In which we encounter for the first time message indistinguishability and semantic security

In the last lecture we saw that

• all classical encryption schemes which allow the encryption of arbitrarily long messages have fatal flaws;
• it is possible to encrypt with perfect security using one-time pad, but the scheme can be used only once, and the key has to be as long as the message;
• if one wants perfect security, one needs a key as long as the total length of all messages that are going to be sent.

Our goal for the next few lectures will be to study schemes that allow the sending of messages that are essentially arbitrarily long, using a fixed key, and having a security that is essentially as good as the perfect security of one-time pad.

Today we introduce a notion of security (semantic security) that is extremely strong. When it is met there is no point for an adversary to eavesdrop the channel, regardless of what messages are being sent, of what she already knows about the message, and what goal she is trying to accomplish.

First, let us fix the model in which we are going to work. For the time being, we are going to be very modest, and we shall only try to construct an encryption scheme that, like one-time pad, is designed for only one use. We just want the key to be reasonably short and the message to be of reasonably large length.

We shall also restrict ourselves to passive adversaries, meaning that Eve is able to see the communication between Alice and Bob, but she cannot inject her own messages in the channel, and she cannot prevent messages from being delivered.

The definition of correctness for an encryption scheme is straightforward.

Definition 1 [Symmetric-Key Encryption Scheme -- Finite case] A symmetric-key encryption scheme with key-length ${k}$, plain-text length ${m}$ and ciphertext-length ${c}$ is is a pair of probabilistic algorithms ${(Enc,Dec)}$, such that ${Enc: \{ 0,1 \}^k \times \{ 0,1 \}^m \rightarrow \{ 0,1 \}^c}$, ${Dec: \{ 0,1 \}^k \times \{ 0,1 \}^c \rightarrow \{ 0,1 \}^m}$, and for every key ${K \in \{ 0,1 \}^k}$ and every message ${M}$,

$\displaystyle {\mathbb P} [ Dec(K,Enc(K,M)) = M ] = 1 \ \ \ \ \ (1)$

where the probability is taken over the randomness of the algorithms

Definition 2 [Symmetric-Key Encryption Scheme -- Variable Key Length Case] A symmetric-key encryption scheme with variable key-length is is a pair of polynomial-time probabilistic algorithms ${(Enc,Dec)}$ and a function ${m(k)> k}$, such that for every security parameter ${k}$, for every key ${K \in \{ 0,1 \}^k}$ and every message ${M \in \{ 0,1 \}^{m(k)}}$,

$\displaystyle {\mathbb P} [ Dec(k,K,Enc(k,K,M)) = M ] = 1 \ \ \ \ \ (2)$

(Although it is redundant to give the algorithm the parameter ${k}$, we do so because this will emphasize the similarity with the public-key setting that we shall study later.) It will be more tricky to satisfactorily formalize the notion of security.

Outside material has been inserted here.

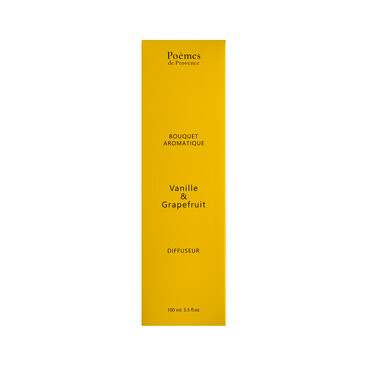 Аромадиффузор Ваниль&грейпфрут, 100 мл Poemes de Provence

One super-strong notion of security, which is true for the one-time pad is the following:

Definition 3 [Perfect Security] A symmetric-key encryption scheme ${(Enc,Dec)}$ is perfectly secure if, for every two messages ${M,M'}$, the distributions ${Enc(K,M)}$ and ${Enc(K,M')}$ are identical, where we consider the distribution over the randomness of the algorithm ${Enc()}$ and over the choice of ${K \sim \{ 0,1 \}^k}$.

The informal discussion from the previous lecture gives a hint to how to solve the following

Exercise 4 Prove that if ${(Enc,Dec)}$ is perfectly secure, then ${k\geq m}$.

Before we move on, let us observe two limitations that will be present in any possible definitions of security involving a key of length ${k}$ which is much smaller than the message length. Eve can always employ one of the following two trivial attacks:

1. In time ${2^k}$, Eve can enumerate all keys and produce a list of ${2^k}$ plaintexts, one of which is correct. Further considerations can help her prune the list, and in certain attack models (which we shall consider later), she can figure out with near certainty which one is right, recover the key and totally break the system.
2. Eve can make a random guess of what the key is, and be correct with probability ${2^{-k}}$.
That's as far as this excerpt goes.